En Analyse, saisons 1 et 2


 Bon, avant de commencer de parler de cette série, je suis bien obligé de dire que j'ai un peu, même beaucoup, la teu-hon. En effet, par principe, j'ai HORREUR des remakes. Si les suites juste pour dire qu'on fait une suite parce que le précédent a marché et qu'on va continuer jusqu'à ce que ça arrête d'être rentable, ou le fait de refaire un classique 30 ans après avec des moyens modernes (alors que si le classique en question est encore regardé, c'est peut-être parce qu'il n'en avait pas besoin, des moyens modernes), m'agacent franchement, je contourne facilement le problème en n'allant pas les voir (bon, à part le King-Kong de Peter Jackson que j'ai même en blu-ray, personne n'est parfait), mais les remakes que je déteste par dessus tout, que le simple fait d'annoncer me met de mauvaise humeur, ce sont ceux qui consistent à faire -ça a d'ailleurs été le cas pour le film allemand L'Expérience, très librement inspiré de l'expérience de Stanford de Philip Zimbardo- une version américaine d'une œuvre étrangère qui a bien marché (y compris quand c'est une gamelle annoncée comme Deux Sœurs ou La Mort en Ligne, par exemple).

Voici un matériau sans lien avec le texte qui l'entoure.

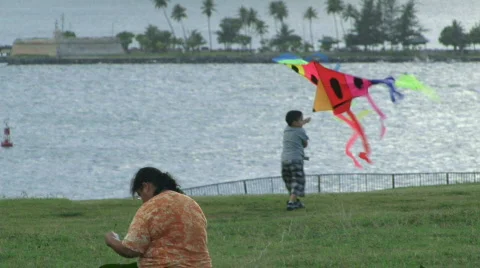 Kid Trying to Get a Kite Up - Puerto Rico - 01 Stock Footage 622338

Et là, on ne pourrait pas plus tomber dedans. En Analyse (In Treatment en VO) est la version américaine (avec une célébrité, même si je connaissais pas ladite célébrité, dans le rôle principal) de la série israëlienne Be'Tipul. Hélas, cette série n'est semble-t-il pas disponible -enfin si, la saison 2, mais pas la 1 donc bon...- avec des sous-titres anglais (ni français, on s'en doute), et mon niveau d'hébreu laisse franchement à désirer (je n'ai même pas la moindre idée de ce que Be'tipul peut bien vouloir dire, ni comment ça se prononce), et en plus, il faut bien l'admettre, c'est une bonne série, même si elle me contraint à contribuer à une manie que je déteste ("si il y a un truc bien il faut en faire une version américaine").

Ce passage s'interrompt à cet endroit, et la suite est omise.